_Exercise description:_ Every line below from the one with "Noisy May White" through the one with "Um dia volta para o futebol?" should be retyped exactly, both ends included; no other lines and no pictures.

_Entries provided:_
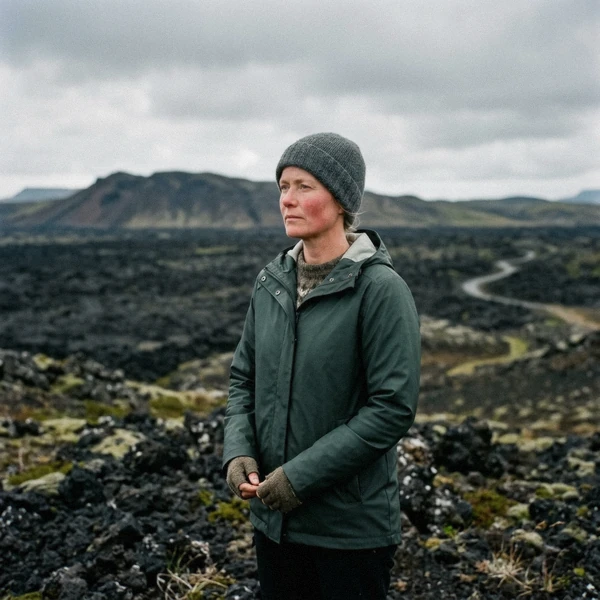 Kristín Ólafsdóttir, the hiking writer who walks and checks the Fagradalsfjall volcano tour routes on the Reykjanes peninsula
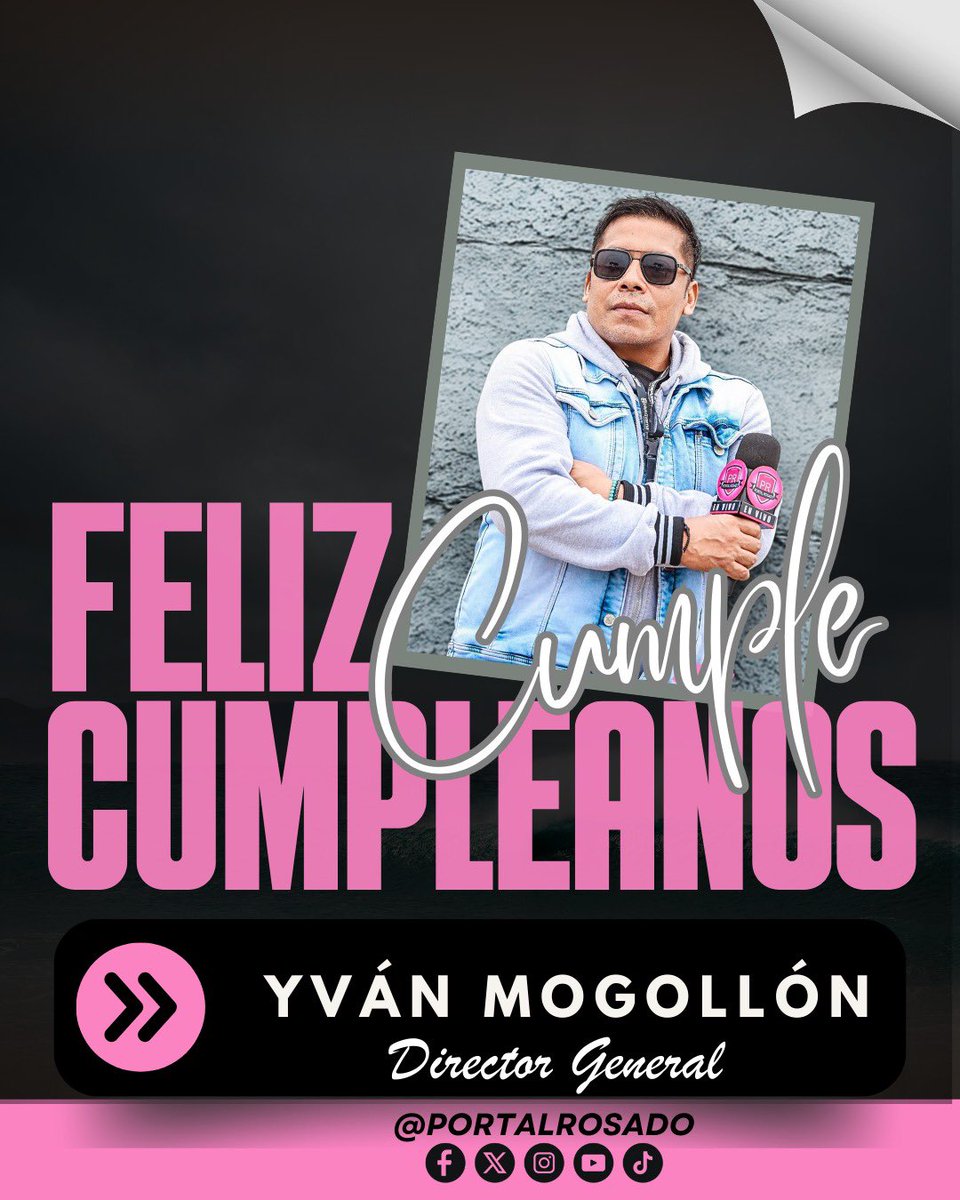 ¡ESTAMOS DE CUMPLEAÑOS! 🎉🎊 @portalrosado saluda a nuestro Director General y rosado de toda la vida <a href="/yvan_sa/">Yván Jesús SA</a> 👚💪🏻.

🍫Muchas felicidades en tu día y recibe todas las bendiciones del mundo. Gracias por tu esfuerzo, dedicación, trabajo y amistad a todo el grupo de #PortalRosado.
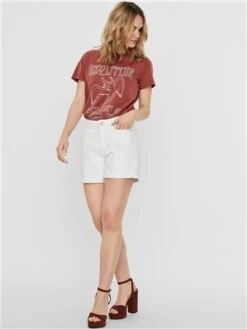 Noisy May White / Bright White Smiley Normal Waisted Denim Shorts -Jack & Jones Store 28405 2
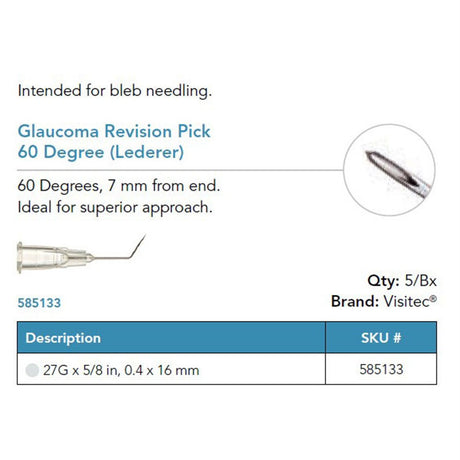 Visitec Glaucoma Revision Pick (Lederer), 27G x ⅝ in (0.4 x 16 mm), 60° Angled. MPN: 585133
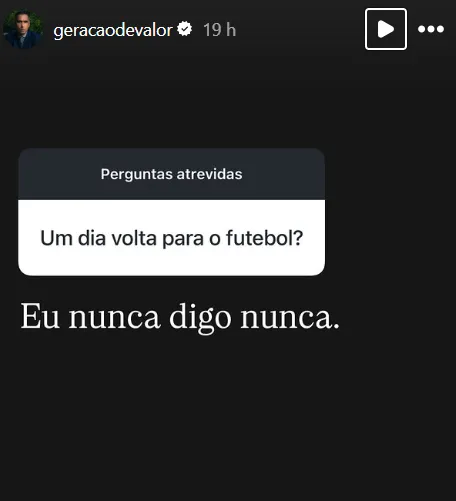 Um dia volta para o futebol?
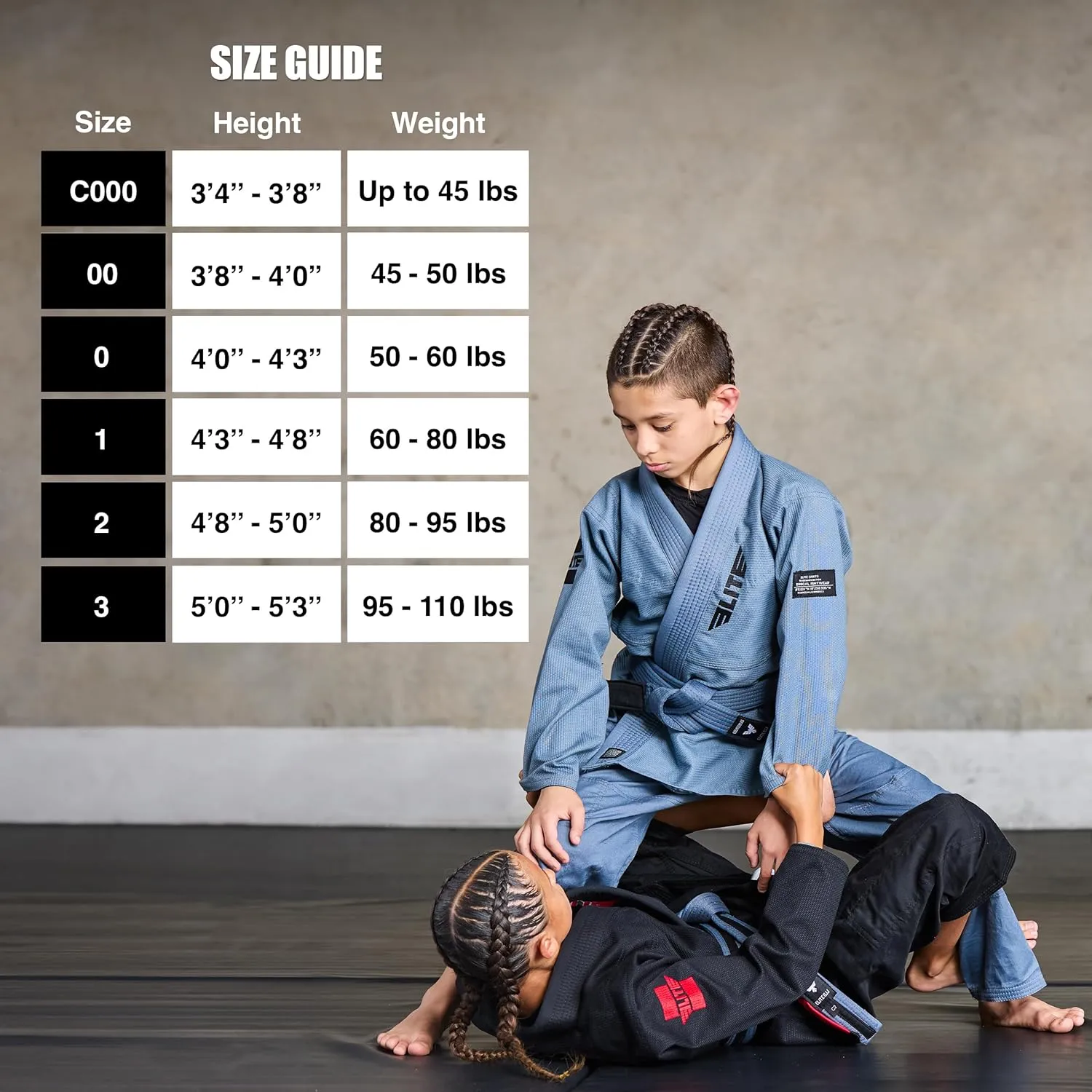 Elite Sports IBJJF Ultra Light BJJ Brazilian Jiu Jitsu Gi for Kids with Preshrunk Fabric and Free Belt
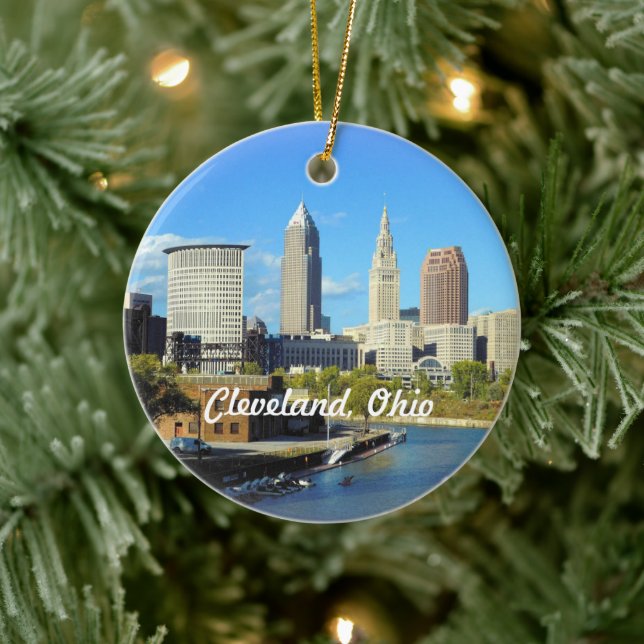 Sunny River Skyline Cleveland Ceramic Ornament (Tree)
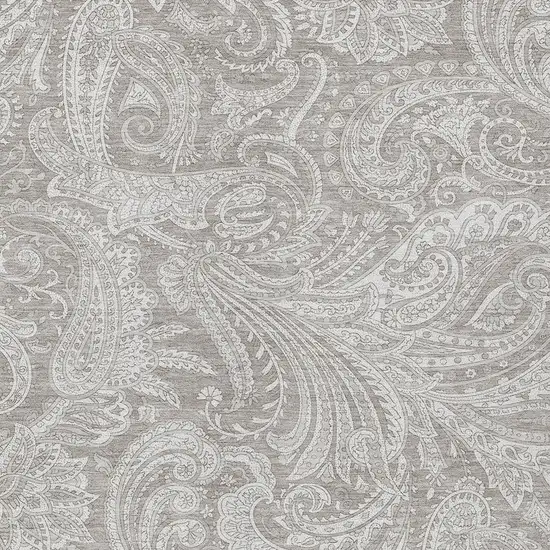 Taupe Beige And Ivory Paisley Washable Indoor Outdoor Area Rug Photo 5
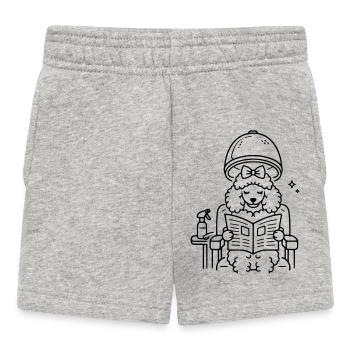 Pudel beim Frisör - Baby Shorts - Grau meliert - Vorne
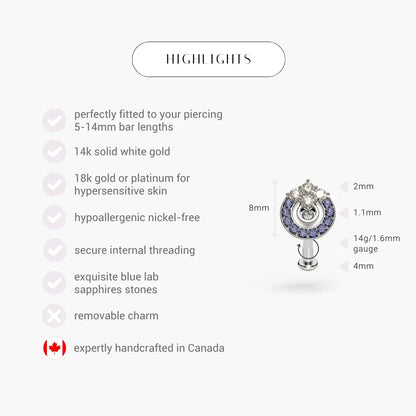 Twilight Sapphire Blue Belly Ring White Gold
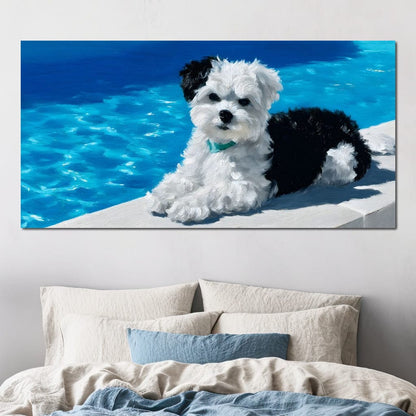 Puppy Relaxation by the Pool Canvas Wall Art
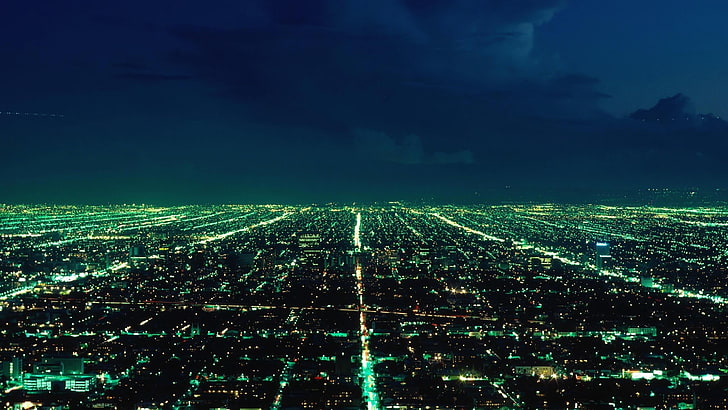 Paisaje urbano iluminado de verde, paisaje urbano, luces, noche, cielo, Fondo de pantalla HD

_Expected output:_
 Noisy May White / Bright White Smiley Normal Waisted Denim Shorts -Jack & Jones Store 28405 2
 Visitec Glaucoma Revision Pick (Lederer), 27G x ⅝ in (0.4 x 16 mm), 60° Angled. MPN: 585133
 Um dia volta para o futebol?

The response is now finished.